3.6.2 Anforderungen an einen wirksamen Einwand
Die Erhebung eines Einwands nach R. 106 EPÜ ist eine Verfahrenshandlung und Voraussetzung für den Zugang zum außerordentlichen Rechtsbehelf des Art. 112a EPÜ (R 4/08, R 7/08, R 3/11, R 7/11, R 16/12). Der Einwand muss von dem Beteiligten so formuliert werden, dass die Beschwerdekammer unmittelbar und zweifelsfrei erkennen kann, dass es sich um einen Einwand nach R. 106 EPÜ handelt. Er muss auch spezifisch sein und klar und eindeutig angeben, welcher Verfahrensmangel geltend gemacht werden soll (s. R 4/08, R 7/08, R 8/08, R 1/10, R 17/10, R 7/11, R 5/12, R 6/12, R 16/12: ständige Rechtsprechung, R 3/14, R 8/16).
Ein Einwand nach R. 106 EPÜ erfolgt zusätzlich zu anderem Vorbringen, das sich etwa gegen die Verfahrensführung oder gegen einzelne prozessuale Feststellungen wendet oder diese gar rügt, und ist von diesem zu unterscheiden (R 2/08, R 7/08, R 9/09, R 1/10, R 14/11, R 21/11, R 16/12). Ein Einwand muss ausdrücklich als solcher gekennzeichnet werden (R 8/08, R 21/11, R 7/18). Jedoch kann ein Einwand auch ohne ausdrücklichen Verweis auf R. 106 EPÜ einen qualifizierten Einwand nach R. 106 EPÜ darstellen (R 21/09; s. auch R 17/14, R 12/14).

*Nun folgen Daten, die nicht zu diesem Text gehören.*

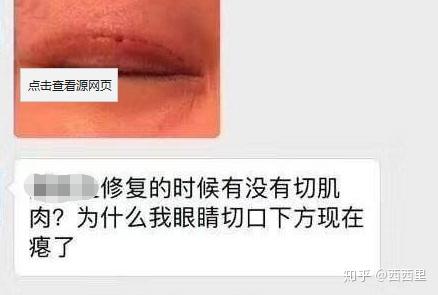 北京割双眼皮最好的医院——专业整形美容医院的卓越之处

In R 18/12 stellte die Große Beschwerdekammer fest, dass ein Einwand nur dann als Einwand im Sinne von R. 106 EPÜ betrachtet werden kann, wenn damit ein Verfahrensmangel beanstandet wird, der Gegenstand eines Überprüfungsantrags nach Art. 112a (2) a) bis d) EPÜ sein kann. Im vorliegenden Fall hielt die Große Beschwerdekammer fest, dass ein Einwand, der sich im Wesentlichen gegen die Feststellungen der Kammer zur Klarheit richtet, nicht als derartiger Einwand anzusehen ist, selbst wenn der Antragsteller sich ausdrücklich auf Art. 113 EPÜ bezieht.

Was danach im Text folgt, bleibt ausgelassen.